Quand on marche dans la rue, détourne-t-on le regard ? Des questions nous percutent souvent. Comment vivent-elles ? Comment s’en sortent-elles ? Sont-elles heureuses ? Pourquoi elles et pas moi ? Retrouveront-elles un logement ? Un emploi ? Seront-elles heureuses ? Une jeune femme, Anaïs Cadilhon, s’est attelée à nous le faire découvrir au travers d’un documentaire : Et maintenant les cimes. Trois caméras, trois regards, pour aborder le retour au logement après des années à la rue. Pendant six mois, Jaky et Elina filment tout ce qu’elles veulent dévoiler.
Elina filme le miroir, qu’elle a du mal à accepter. Elle filme ses pas sur le trottoir ou la pluie vue par la fenêtre. Oui, la pluie, ça ne lui manque jamais. Et Jaky pose sa caméra et raconte. Ses photos d’enfance ou sa sensation à la vue des cimes comme une revanche après avoir longtemps vécu cachée dans les buissons. On découvre de la difficulté à garder la porte ouverte à la dure réappropriation du « chez soi ». La troisième caméra, c’est Anaïs qui filme. Parfois les faire parler, souvent pour les rassurer.
Le documentaire marque et questionne. Comment réagit-on ? Et si j’étais à sa place, à leur place ? Demain ? Que puis-je faire pour les aider ? Dans la rue, certains changent de trottoir, d’autres arborent un sourire aimable. Pourquoi ?
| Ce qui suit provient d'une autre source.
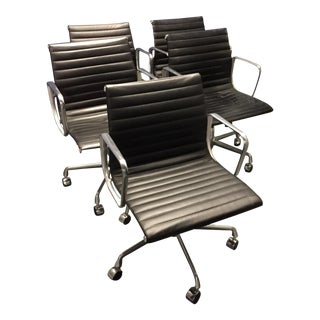 Eames Aluminum Group Management Chairs - Set of 5 For Sale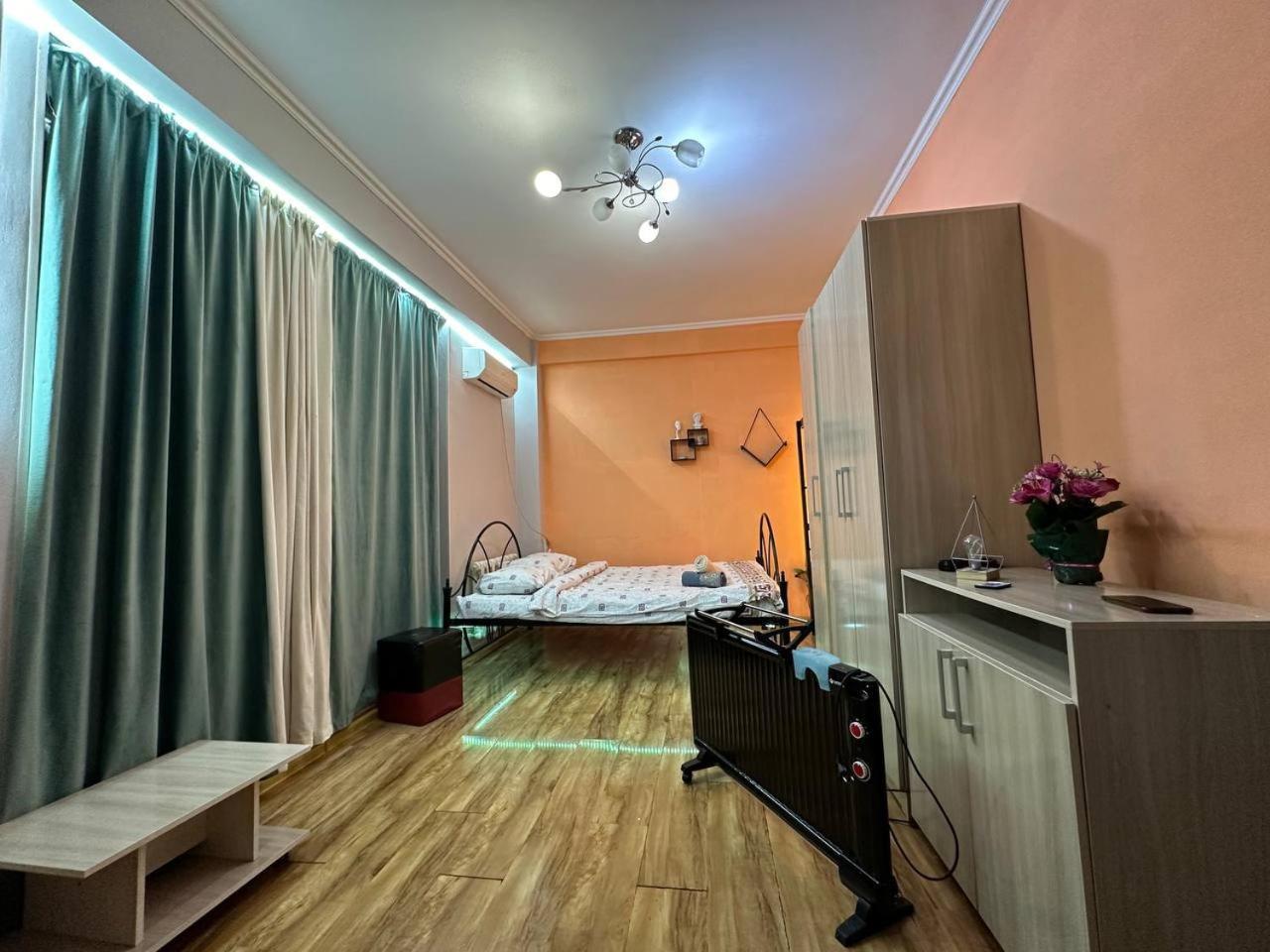 1-Room Apart. 21 On Usenbaeva 52 Near Eurasia Shopping Center Bischkek Exterior foto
On entend qu’elles ont à la fois aimé et détesté vivre dehors. Comprend-on ? On avance avec elles, on apprend sur la précarité des situations et comment elles ont été aidées, comment elles ont survécus. On découvre la construction et la force de la femme, dans son entièreté et sa fragilité. Mais aussi la reconstruction de cette femme, qui ne sait plus vivre enfermée, qui veut accueillir toute la rue dans son appartement sans le pouvoir. Et surtout, on découvre la solidarité. Dans la rue, on s’aide, on s’aime, on partage, on souffre ensemble. Mais alors, la réappropriation du chez-soi est d’autant plus dure.
On comprend ce qu’il y a derrière les portes. Et c’est agréable, pour le spectateur, d’entendre ses personnes dont la voix est souvent absente. Des femmes qui vivent à la rue puis qui cherche à se reconstruire dans l’indifférence de la société. Et une phrase d’Elina résume toute l’histoire « l’autre ne peut pas parler pour toi ».